命の選別

コロナ禍が一段落しているが、4月中頃から5月中、電車に乗っての通勤や通院はやむを得ず形上「自粛」した。

 この「自粛」に至った経緯はここでは省略するが、電車に乗っていようといまいと、どこでどうコロナウイルスに感染するか分からないが、なるべく感染へのリスクを避けるという意味では、不特定多数の人との距離を置くとか、自分なりに自分を納得させた。

 駅前の銀行に行く時も、いつもなら駅のエレベーターを使い駅舎内を通って駅の向こう側に出るところを、駅舎を通るのを避け、少しだけ回り道して人通りの少ない線路をくぐる道を選び、できるだけ人とすれちがわないようにした。

 もうあれから3ヶ月も経っているので、想いの移り変わりはあったのだが、以下、障害者としてのオレの思いを書いていく。

 世界的に感染者が増え続けているピーク時、ヨーロッパ諸国やアメリカ等は多くの人が感染し多くの人が重篤化し死んでいる。医療現場では重篤化した人の治療に使う人工呼吸器が不足しているという事態が起こっていた。そのような切迫した緊急事態の中、障害者が感染し重篤化した場合は、人工呼吸器を着けるのは後回しにすべきだと、つまりは健全者の命を優先して救うべきだとする声が聞こえ、法制化されるところまできていると聞く。

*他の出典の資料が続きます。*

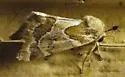Acute-lined Flower Moth - Hodges#11150.1 - photo 2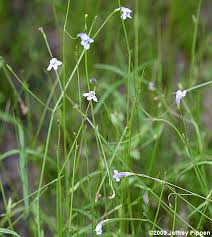 Image result for Linderniaceae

 実際日本でも高齢者施設でクラスターが発生ているというのに、入院させずにいて、多くの人が死んだと聞くが、行政は「病院がいっぱいで・・・」という言い訳をしているが、これは「介護の必要な高齢者の命よりも・・・」と後回しにされたんだろうなと推測できる。

 このように、障害者は余計にコロナからの感染から身を守らねばならない理由が障害のない人よりも増えるのだ。

 余裕のある日常でない時に「命の選別」が行われ、命の価値が順位付けされることは、社会の中に、非人間的な差別が蔓延している証だ。

 人間とは何か、差別とは何かをもっと人類は考え、差別のない、誰もが共生し合える社会を構築するために、人類は進化しなければならないと思う。